A transient shaper affects the balance of volumes between the transient and the tail of a sound. Definitively not a low pass filter, but it can have the same result as a compressor, for sure.
Yeah, it’s a special kind of compressor, first introduced by SPL as the Transient Designer. VCA’s and a bunch of clever envelopes.
I believe the guy who invented it went on to start Elysia, who produce an updated version as the nvelope and other pretty awesome outboard gear (mostly System 500 format).
@RobertSyrett …all percussive sounds have their THREE parts…the very first ignition sparkle…the thump…and the tail…a transient shaper gives u shaping options on all of them…like an xtra envelope on top of the basic envelope…
while that very first sparkle IS THE ESSENTIAL one…the one u wanna tame or more often wanna spike out more…in 4 to the floor kiks for example, that very first transient is, what u want to translate at any given moment, no matter how crowdy ur overall arrangement gets…
so, a transient shaper gets ur best friend sooner than later…always.
Punctuate by Newfangled Audio, it’s my go to now and sometimes Physion by Eventide when I want to go crazy. But, as a Bitwig user, I’d say the same thing as @reeloy, the transient shaper in Bitwig is also very very good, quick, clean and powerful.
I can appreciate the qualitative description but I was hoping for a mathematical or engineering explanation. Or even what category transient shaping falls into.
Is sustain a saturation effect? Amplitude modulation? EQ?
If I’m not wrong I think it is just like an eq that first splits the signal into transient and non-transient parts and lets you eq each seperately (like eventide split eq).

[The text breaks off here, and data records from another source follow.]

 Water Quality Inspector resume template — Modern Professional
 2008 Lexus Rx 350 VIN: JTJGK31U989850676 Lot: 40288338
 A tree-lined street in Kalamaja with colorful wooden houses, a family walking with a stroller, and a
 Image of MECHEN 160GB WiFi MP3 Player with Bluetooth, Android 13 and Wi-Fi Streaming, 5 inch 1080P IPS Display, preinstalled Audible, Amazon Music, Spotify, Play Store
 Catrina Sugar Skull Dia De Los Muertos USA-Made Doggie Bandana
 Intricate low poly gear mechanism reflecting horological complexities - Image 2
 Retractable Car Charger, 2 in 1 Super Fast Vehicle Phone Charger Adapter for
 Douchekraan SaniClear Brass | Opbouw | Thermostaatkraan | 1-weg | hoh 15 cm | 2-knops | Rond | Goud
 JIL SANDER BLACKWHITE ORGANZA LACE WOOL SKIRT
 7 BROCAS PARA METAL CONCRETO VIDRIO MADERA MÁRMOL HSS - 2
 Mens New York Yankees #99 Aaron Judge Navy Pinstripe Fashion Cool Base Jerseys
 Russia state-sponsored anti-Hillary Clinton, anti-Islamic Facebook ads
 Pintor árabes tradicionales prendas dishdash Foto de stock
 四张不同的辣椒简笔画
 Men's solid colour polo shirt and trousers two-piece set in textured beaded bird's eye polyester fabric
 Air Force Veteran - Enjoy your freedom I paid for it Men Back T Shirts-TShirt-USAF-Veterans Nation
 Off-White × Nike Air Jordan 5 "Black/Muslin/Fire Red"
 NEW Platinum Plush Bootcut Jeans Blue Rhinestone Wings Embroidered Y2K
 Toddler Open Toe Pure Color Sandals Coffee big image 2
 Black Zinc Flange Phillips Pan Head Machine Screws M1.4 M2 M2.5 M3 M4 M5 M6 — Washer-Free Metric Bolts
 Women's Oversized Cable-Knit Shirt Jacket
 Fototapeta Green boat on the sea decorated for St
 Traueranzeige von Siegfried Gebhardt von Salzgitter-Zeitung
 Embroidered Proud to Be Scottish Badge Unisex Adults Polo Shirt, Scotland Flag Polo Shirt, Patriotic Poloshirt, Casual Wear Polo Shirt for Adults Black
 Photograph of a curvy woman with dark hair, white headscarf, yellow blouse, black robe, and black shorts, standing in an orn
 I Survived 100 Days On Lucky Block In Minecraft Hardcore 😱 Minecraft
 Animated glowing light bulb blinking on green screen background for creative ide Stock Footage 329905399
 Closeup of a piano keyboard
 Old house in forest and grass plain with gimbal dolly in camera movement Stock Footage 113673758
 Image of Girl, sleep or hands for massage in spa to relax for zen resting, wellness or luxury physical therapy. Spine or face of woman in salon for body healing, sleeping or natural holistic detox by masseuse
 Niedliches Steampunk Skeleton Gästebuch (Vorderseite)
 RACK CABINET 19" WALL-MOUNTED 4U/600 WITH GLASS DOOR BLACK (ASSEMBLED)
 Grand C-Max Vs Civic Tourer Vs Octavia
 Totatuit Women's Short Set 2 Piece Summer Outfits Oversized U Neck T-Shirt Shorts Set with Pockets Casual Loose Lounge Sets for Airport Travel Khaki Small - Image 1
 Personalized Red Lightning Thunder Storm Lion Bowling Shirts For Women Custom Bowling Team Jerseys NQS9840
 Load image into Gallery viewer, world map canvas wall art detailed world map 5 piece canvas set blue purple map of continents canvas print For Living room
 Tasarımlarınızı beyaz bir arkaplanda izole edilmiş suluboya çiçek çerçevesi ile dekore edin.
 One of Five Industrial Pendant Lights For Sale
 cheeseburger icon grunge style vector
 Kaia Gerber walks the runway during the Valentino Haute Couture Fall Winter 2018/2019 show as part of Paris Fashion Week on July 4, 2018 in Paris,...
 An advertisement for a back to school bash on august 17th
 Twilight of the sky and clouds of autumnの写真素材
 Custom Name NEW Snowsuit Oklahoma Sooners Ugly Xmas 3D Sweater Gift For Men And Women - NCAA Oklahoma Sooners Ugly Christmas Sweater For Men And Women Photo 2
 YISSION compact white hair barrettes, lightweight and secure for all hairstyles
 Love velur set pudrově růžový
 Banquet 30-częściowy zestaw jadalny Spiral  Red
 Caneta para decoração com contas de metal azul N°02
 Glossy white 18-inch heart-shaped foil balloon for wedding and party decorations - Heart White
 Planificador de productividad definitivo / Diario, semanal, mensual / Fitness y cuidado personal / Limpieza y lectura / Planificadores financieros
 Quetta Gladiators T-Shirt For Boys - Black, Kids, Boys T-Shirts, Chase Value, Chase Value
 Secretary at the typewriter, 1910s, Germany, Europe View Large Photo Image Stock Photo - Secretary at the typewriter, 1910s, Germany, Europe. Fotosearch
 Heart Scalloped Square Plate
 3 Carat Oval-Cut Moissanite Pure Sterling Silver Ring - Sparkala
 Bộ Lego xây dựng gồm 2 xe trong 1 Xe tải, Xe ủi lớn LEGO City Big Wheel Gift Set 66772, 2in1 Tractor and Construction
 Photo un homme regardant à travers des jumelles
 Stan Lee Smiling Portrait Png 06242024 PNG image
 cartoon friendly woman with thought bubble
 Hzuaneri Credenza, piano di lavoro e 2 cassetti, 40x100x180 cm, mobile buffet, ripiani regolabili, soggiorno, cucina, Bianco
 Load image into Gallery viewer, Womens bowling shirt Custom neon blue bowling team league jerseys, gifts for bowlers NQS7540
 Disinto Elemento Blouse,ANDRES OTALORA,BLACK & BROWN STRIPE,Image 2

@HBIII@reeloy after a bit of googling I found this thread on reddit from 8 years ago where the top comment describes transient shaping as “a level-independent dynamics processor. Like a compressor or expander but the amount of effect doesn’t vary with signal level.” Which raises the question, “what would provide the threshold to change the dynamics?”
The answer that would make sense to me would be frequency, since transients are high frequency audio events. Does that seem like a reasonable understanding?